In the case of breavement, factors such as the extent of the individual's involvement in making funeral or other arrangements (eg executor) and the need to travel beyond the local region should be taken into account. When an employee's own health is considered to be adversely affected by breavement a short period of sick leave might be more appropriate.

Compassionate leave should not be confused with the statutory right to Emergency leave- time off for dependants to deal with sudden emergencies which is unpaid.

In exceptional circumstances, compassionate leave may be extended by some unpaid leave, parental leave or annual leave by agreement with senior management and (to ensure consistency) Human Resources. Work patterns may also be amended temporarily to assist the individual to meet such responsibilities.

Records of compassionate leave (and emergency leave) should be retained by the College/Service. If the employee is a Tier 2 visa holder, records should also be passed to the HR Busniess partner to comply with UKBA record keeping requirements.

Emergency leave

Time off for dependants

All members of staff have a statutory entitlement to reasonable unpaid time off work to deal with sudden emergencies involving a dependant and to make any necessary longer term arrangements.

Who is a dependant?

A dependant is defined as a

  • spouse or
  • child or
  • parent or
  • a person living in the same household as the member of staff, such as a partner, elderly aunt or grandparent.
  • It does not include tenants, lodgers or boarders.

In certain circumstances a dependant may also be someone who reasonably relies on the member of staff for assistance. This could be an elderly relative who lives nearby where the member of staff is the primary carer or the only person who can help in an emergency.

In what circumstances can emergency leave be taken?

You will be entitled to time off to deal with the following types of emergencies:

  • a dependant falls ill, is injured or assaulted, or gives birth
  • childcare or other care arrangements unexpectedly break down
  • longer term care arrangements need to be made for a dependant who is unexpectedly ill or injured
  • your child is involved in an unexpected incident during school hours

Emergency leave does not include longer term care requirements, such as childcare or long term illness of a sick relative. In these circumstances you will be expected to use annual leave or flexible working arrangements.
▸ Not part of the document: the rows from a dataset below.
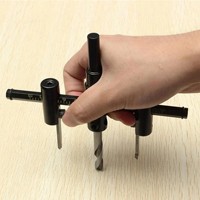 ADJUSTABLE CIRCLE CUTTER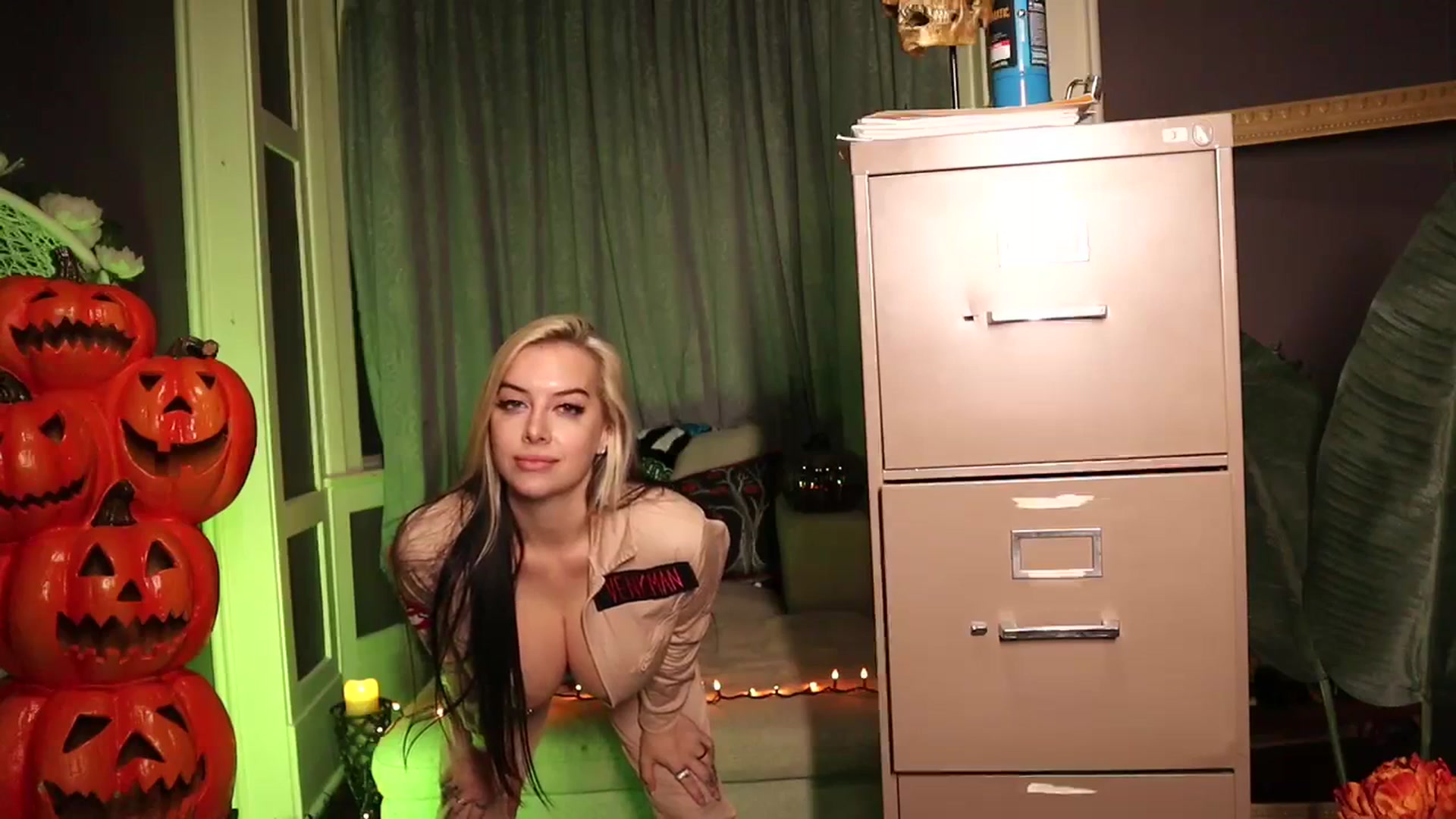 Gallery image thumbnail from Cubbixoxo's myfreecams stream on, 10/15/2023, 05:37 image 5 of 20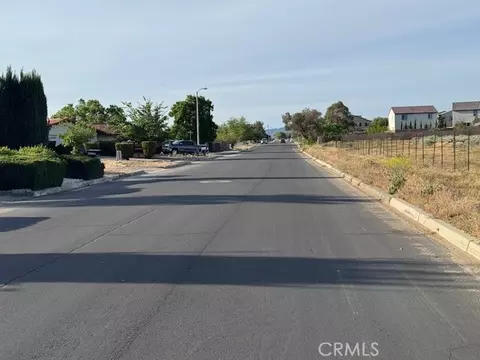 View/Area - 10333 Tamarisk Ave, Hesperia, CA 92345 photo 2 of 2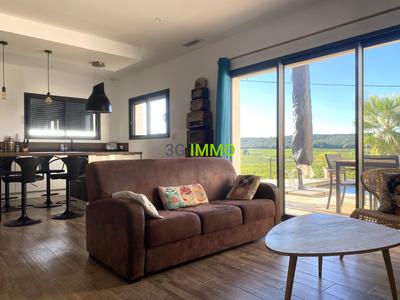 Maison traditionnelle - 100 m² - 5 pièces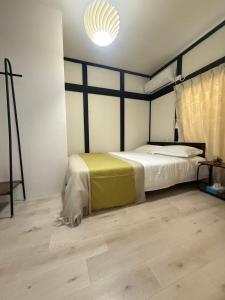 a bedroom with a bed and a chandelier at Lee house 佳 別荘 一戸建て貸切の宿 in Osaka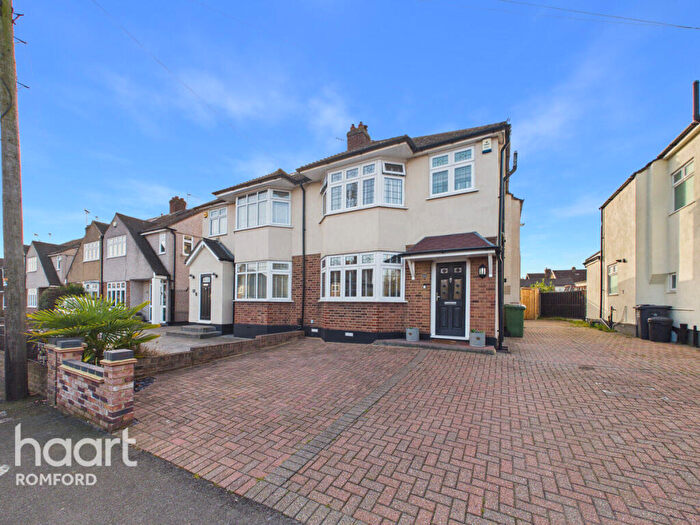 3 Bedroom Semi Detached House For Sale In Helmsdale Road, Romford, RM1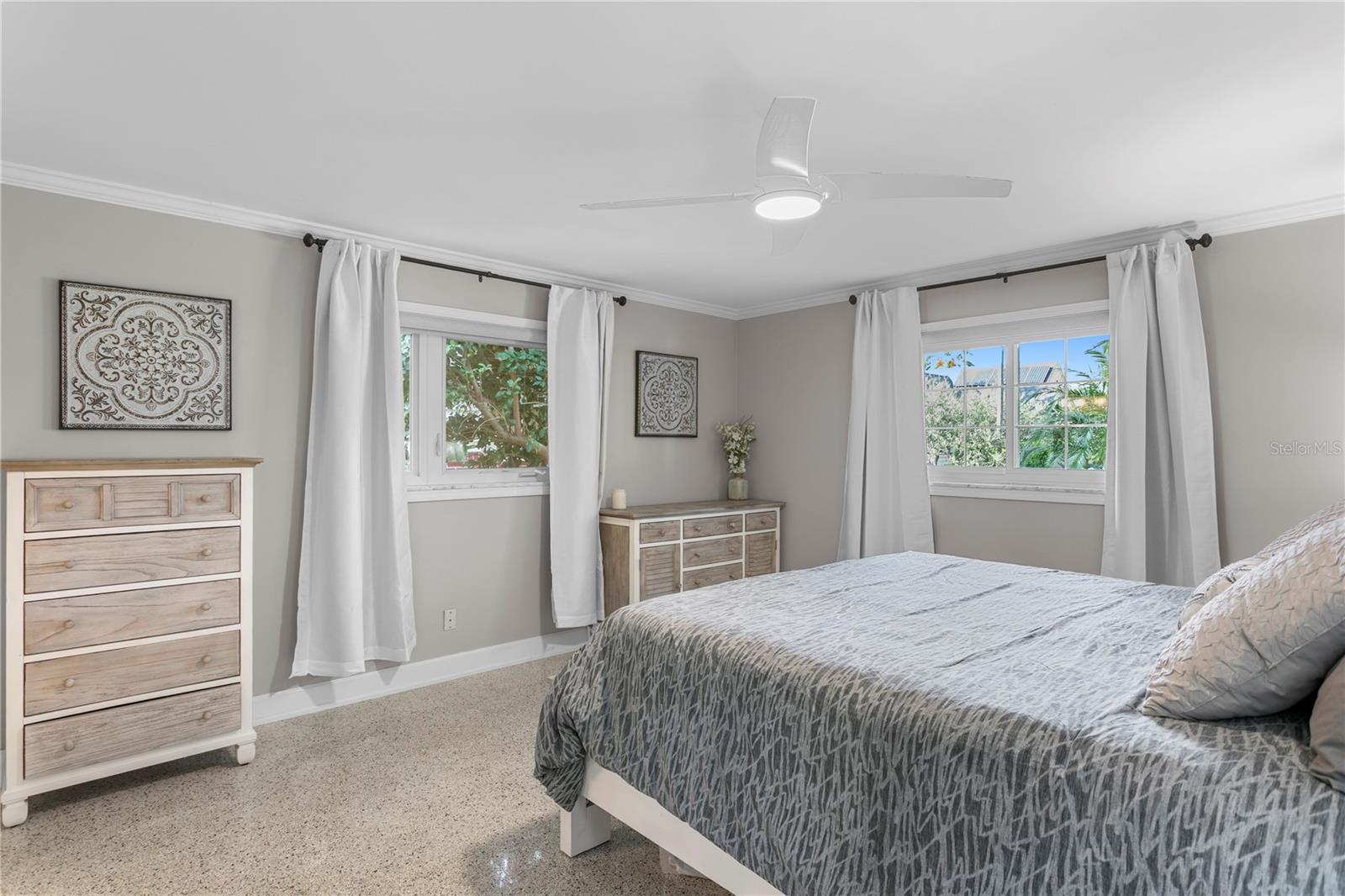 Image 24 of 33 For 1110 14th Avenue N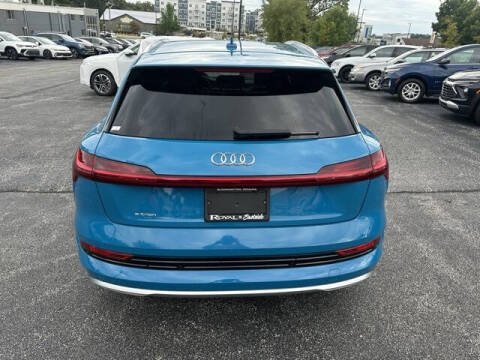 2019 Audi e-tron quattro Prestige
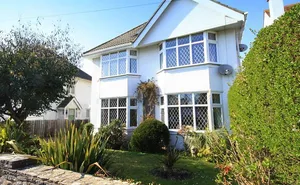 6 bedroom property in Douglas Road, BH6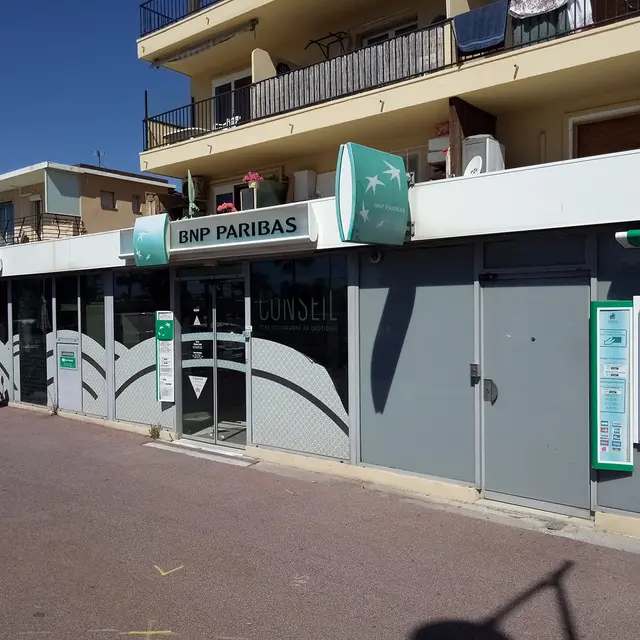 Banque BNP Paribas Villeneuve Loubet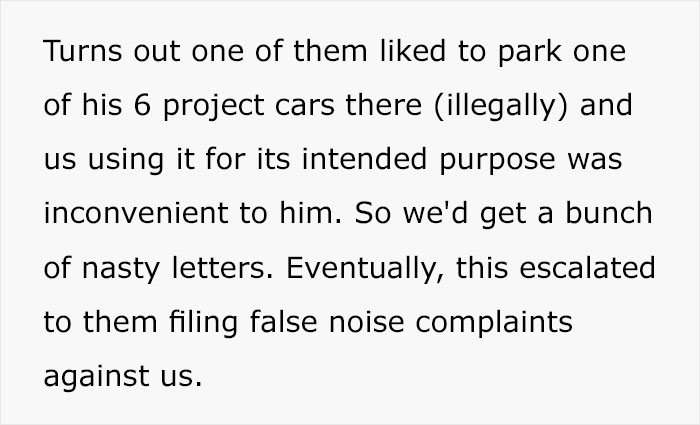 Person Watches Bully Neighbors Get Sweet Revenge, Discovers It's Done By The Crows They Befriended Earlier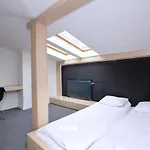Chic & Stylish Victus Near The In By Renters *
How much time off does this allow?

There is no set amount of time off, but the amount of time off work should be reasonable in the particular circumstances of the emergency. It should be sufficient to deal with the immediate problem and to arrange alternative longer term care if necessary. It is anticipated that one or two days will be the most that is needed.

However, this policy does provide an extension of compassionate leave by use of annual leave or unpaid leave or additional paid compassionate leave in certain emergency situations, by agreement with senior management and Human Resources.

How much notice do I need to give?

As soon as is reasonably practicable, you should notify your College Dean, manager or supervisor (or in accordance with the usual College/Service procedure for notification of absence) of the reason for your absence and keep them informed of the likely duration of this absence.

You should ensure that you discuss your absence with your College Dean or manager as soon as is reasonably practicable upon return to work. It must be agreed whether the time off is with pay (ie taken as annual leave or additional paid compassionate leave); without pay; or if the time will be made up.  Any unpaid leave must be notified to your HRBP as soon as possible so that salary adjustments can be made.